The bucolic Iveagh Gardens were the backdrop for the four-day Vodafone Comedy Festival, a multi-stage event that brought together home-town comics such as David O’Doherty and international talent, of which cult contrarian Bill Burr was perhaps highest profile.

Burr has gained a global following with his observational humour and grumpy old man cantankerousness. Both were on display as he performed to a packed tent, reducing the audience to quivers with elaborate and surreal gags about Stalin and Hitler.

The event had a bittersweet opening as Adam Buxton brought his David Bowie-themed BUG show to Dublin.
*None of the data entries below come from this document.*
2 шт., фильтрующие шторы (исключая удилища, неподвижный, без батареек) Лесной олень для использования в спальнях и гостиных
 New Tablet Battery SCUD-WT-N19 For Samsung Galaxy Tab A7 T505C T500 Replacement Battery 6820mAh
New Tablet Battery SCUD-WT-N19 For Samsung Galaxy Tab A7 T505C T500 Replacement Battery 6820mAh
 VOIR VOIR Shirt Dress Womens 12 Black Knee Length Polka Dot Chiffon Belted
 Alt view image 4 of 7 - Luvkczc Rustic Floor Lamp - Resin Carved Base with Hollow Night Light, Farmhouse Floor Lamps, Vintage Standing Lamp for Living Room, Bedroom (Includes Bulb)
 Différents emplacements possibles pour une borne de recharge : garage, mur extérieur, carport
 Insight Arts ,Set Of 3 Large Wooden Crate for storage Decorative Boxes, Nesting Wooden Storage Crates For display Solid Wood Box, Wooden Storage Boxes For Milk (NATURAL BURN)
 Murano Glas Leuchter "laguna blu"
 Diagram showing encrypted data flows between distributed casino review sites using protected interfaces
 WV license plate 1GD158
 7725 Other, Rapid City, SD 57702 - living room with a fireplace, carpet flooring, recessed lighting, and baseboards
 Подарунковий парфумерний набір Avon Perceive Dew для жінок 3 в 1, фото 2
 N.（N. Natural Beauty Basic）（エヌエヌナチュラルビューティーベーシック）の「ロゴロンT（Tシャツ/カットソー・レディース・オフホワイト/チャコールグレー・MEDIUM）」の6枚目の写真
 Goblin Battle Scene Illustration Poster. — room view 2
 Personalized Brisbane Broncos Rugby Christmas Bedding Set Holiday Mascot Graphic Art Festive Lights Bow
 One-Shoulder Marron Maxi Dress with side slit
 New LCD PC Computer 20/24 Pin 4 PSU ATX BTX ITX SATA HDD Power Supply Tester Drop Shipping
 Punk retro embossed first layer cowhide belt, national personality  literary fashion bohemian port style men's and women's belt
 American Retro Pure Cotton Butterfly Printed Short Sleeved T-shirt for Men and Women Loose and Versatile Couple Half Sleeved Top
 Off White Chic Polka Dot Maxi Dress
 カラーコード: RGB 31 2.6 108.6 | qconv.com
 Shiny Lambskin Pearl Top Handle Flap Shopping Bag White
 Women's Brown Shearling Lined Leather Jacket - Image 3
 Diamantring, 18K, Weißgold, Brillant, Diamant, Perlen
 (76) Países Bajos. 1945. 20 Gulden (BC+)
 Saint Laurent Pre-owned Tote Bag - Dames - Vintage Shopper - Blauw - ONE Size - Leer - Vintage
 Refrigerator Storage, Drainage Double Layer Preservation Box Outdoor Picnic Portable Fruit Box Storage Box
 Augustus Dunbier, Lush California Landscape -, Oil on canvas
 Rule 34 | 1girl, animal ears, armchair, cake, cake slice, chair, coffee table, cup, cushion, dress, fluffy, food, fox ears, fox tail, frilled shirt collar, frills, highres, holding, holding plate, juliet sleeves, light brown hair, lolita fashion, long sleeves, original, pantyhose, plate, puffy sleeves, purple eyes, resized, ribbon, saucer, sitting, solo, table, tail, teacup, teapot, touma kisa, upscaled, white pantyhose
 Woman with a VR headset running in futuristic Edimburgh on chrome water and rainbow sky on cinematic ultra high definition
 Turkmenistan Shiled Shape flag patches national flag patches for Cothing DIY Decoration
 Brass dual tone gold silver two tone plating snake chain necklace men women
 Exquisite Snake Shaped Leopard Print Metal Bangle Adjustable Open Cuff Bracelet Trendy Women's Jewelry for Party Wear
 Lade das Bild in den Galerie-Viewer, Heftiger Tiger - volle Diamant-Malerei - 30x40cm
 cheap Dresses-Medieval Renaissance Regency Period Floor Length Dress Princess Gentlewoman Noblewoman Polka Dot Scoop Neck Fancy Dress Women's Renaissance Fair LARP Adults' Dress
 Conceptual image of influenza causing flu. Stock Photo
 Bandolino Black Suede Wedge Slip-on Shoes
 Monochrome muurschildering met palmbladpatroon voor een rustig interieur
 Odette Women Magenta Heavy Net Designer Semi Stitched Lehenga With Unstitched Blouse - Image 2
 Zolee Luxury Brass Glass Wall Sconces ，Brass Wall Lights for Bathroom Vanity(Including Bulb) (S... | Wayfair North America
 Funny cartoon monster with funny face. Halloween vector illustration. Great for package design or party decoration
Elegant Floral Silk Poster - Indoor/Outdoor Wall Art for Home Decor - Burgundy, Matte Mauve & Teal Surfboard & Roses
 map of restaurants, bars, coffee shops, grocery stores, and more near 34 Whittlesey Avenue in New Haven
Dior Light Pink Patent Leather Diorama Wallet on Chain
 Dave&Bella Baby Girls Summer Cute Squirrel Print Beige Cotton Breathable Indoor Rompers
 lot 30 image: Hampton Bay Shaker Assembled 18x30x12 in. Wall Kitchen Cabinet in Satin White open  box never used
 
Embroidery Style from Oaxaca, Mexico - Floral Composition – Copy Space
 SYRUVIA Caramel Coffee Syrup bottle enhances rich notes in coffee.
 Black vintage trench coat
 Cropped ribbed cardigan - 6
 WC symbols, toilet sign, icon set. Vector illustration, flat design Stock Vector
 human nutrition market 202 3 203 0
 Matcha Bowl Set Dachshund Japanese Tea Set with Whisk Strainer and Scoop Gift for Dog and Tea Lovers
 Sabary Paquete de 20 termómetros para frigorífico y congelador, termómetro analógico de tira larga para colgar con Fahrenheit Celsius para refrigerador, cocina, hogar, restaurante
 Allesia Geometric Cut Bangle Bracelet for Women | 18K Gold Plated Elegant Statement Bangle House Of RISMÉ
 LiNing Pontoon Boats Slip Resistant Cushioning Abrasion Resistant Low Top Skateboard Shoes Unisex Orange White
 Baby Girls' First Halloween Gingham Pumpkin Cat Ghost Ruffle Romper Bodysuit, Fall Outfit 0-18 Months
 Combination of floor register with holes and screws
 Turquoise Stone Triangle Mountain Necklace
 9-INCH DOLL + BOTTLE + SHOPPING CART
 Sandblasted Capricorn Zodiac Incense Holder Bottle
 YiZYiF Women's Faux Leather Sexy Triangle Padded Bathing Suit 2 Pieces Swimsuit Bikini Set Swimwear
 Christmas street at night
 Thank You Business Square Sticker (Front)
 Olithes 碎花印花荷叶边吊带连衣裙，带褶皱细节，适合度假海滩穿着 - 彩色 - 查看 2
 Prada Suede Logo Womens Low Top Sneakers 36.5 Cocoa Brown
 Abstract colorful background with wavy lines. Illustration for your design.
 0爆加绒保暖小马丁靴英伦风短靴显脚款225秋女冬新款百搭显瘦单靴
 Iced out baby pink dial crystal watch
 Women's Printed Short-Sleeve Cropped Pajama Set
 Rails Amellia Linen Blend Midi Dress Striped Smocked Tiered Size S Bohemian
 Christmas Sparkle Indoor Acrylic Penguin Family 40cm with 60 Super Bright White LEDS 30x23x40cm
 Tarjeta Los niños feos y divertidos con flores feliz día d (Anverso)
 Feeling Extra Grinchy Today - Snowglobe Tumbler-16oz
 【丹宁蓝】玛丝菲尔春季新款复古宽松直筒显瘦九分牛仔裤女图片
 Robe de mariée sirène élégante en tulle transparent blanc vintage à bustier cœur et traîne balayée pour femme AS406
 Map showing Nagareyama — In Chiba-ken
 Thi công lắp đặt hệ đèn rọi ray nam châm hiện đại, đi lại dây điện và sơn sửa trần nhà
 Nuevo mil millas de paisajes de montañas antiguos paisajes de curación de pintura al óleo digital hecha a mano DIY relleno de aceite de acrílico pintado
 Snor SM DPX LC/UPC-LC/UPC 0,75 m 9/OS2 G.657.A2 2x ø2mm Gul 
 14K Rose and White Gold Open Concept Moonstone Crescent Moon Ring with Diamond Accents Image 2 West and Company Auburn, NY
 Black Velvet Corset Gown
This was a heartfelt, if irreverent, tribute to the late singer, celebrating Bowie’s eccentricities along with his artistic accomplishments.

Offering an acerbic counterpoint, Philadelphia’s Annie Lederman tunned the room into silence with stream-of-consciousness quips about her sex life and sundry adventures since arriving in Ireland earlier in the week (highlights included being stalked at Glendalough and shearing the wing-mirror off her rental car after five minutes behind the wheel).

Her observational humour was both pithy and uproarious, such as when she skewered hipster baristas for their exhausting positivity, a jump off for a anecdote about the dark side of lactose intolerance and what happens when she consumes dairy products by accident (the results, she intimated, were not pretty).

She was joined on the bill by Jarlath Reagan, the Kildare stand-up now perhaps better known for his long-form interview podcast An Irishman Abroad, and by Sasheer Zamata, a Saturday Night Live cast member and purveyor of social commentary and incandescent wit.

From the opposite side of the comedy spectrum, Jason Byrne was a human bobble-head whose performance blended robust pratfalling and a drizzle of homegrown self-deprecation. He also did some hilarious dolphin impersonations. He was funny and humble and a little crazy — a wonderful way to end four days of humour, by turns thought-provoking and rib-cage rattling.